Material supplied –
================================

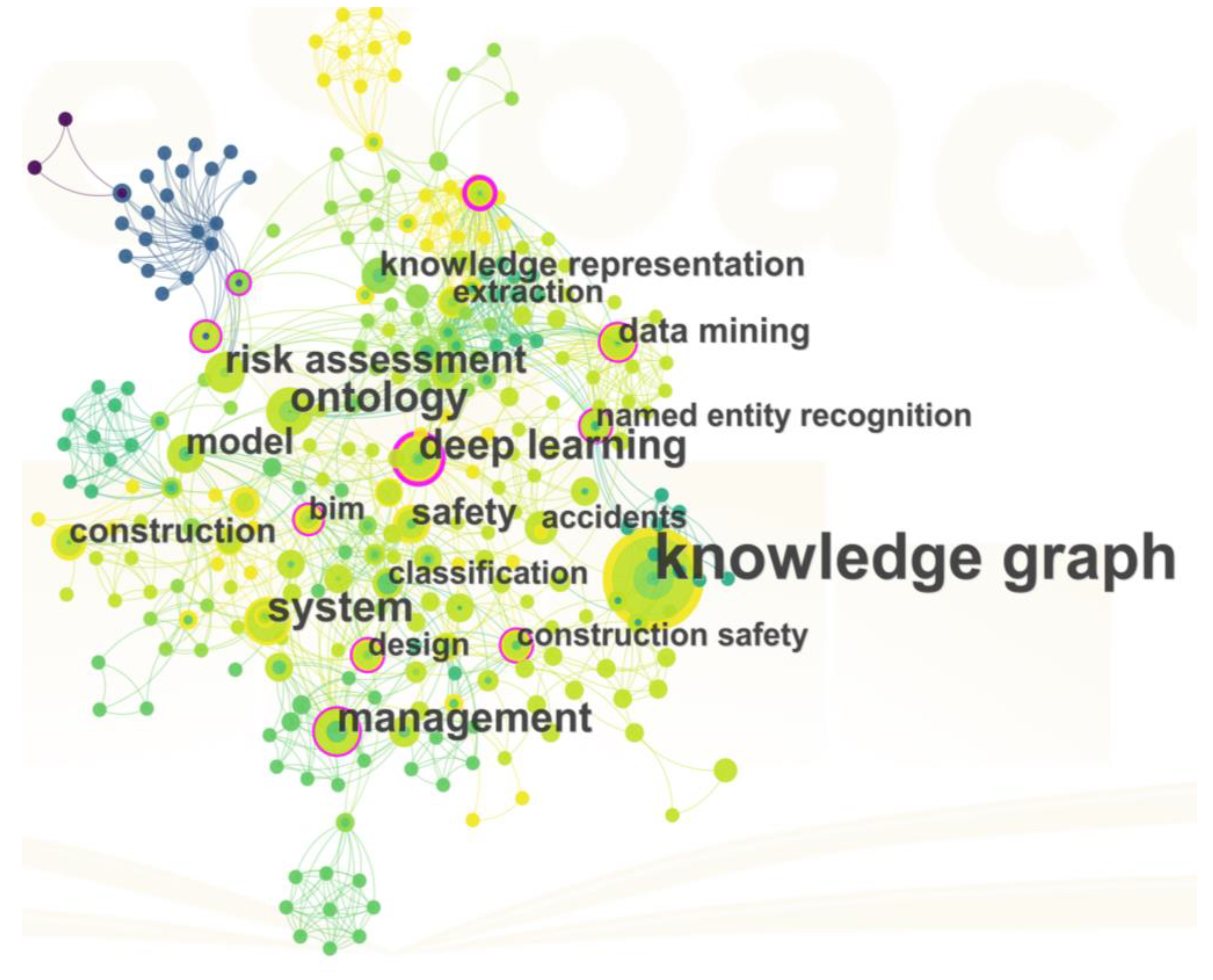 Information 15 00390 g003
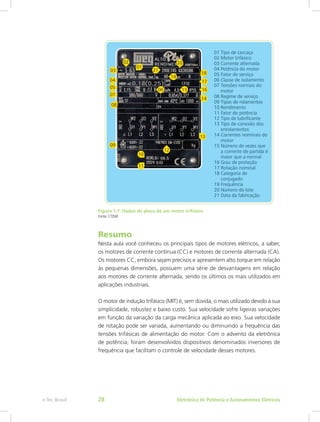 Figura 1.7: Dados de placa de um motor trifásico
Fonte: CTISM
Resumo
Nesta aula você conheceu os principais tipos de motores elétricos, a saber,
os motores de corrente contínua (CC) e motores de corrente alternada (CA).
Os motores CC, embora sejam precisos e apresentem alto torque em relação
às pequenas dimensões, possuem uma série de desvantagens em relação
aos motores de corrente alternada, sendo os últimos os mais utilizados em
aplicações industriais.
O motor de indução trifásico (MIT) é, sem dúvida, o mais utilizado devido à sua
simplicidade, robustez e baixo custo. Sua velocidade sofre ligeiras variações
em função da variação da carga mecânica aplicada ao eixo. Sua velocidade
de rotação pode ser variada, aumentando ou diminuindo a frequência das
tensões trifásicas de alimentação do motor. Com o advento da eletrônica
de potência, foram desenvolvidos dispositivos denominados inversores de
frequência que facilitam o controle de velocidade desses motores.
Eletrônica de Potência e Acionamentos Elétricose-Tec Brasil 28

================================

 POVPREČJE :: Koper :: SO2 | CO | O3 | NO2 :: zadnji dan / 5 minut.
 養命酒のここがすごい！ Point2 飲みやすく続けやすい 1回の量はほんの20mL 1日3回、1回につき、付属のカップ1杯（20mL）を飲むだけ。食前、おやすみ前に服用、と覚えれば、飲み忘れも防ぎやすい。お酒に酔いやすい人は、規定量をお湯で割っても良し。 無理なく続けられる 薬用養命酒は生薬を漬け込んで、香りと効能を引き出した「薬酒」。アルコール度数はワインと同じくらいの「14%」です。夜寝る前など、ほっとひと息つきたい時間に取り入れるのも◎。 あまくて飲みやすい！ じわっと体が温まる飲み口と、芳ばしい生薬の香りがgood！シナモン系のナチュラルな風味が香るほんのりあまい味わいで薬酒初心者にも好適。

================================

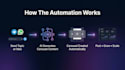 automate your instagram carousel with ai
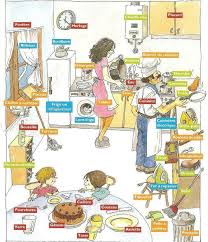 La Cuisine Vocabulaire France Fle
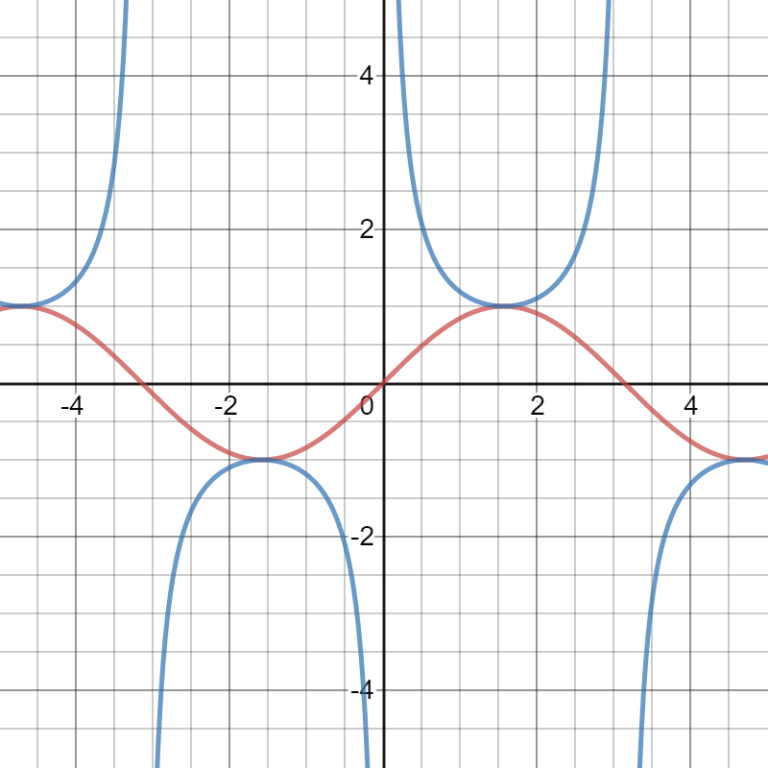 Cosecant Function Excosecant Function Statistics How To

================================

About this task – Whenever a line includes the word "corrente", pull it out of the entries.

Task answer –
os motores de corrente contínua (CC) e motores de corrente alternada (CA).
aos motores de corrente alternada, sendo os últimos os mais utilizados em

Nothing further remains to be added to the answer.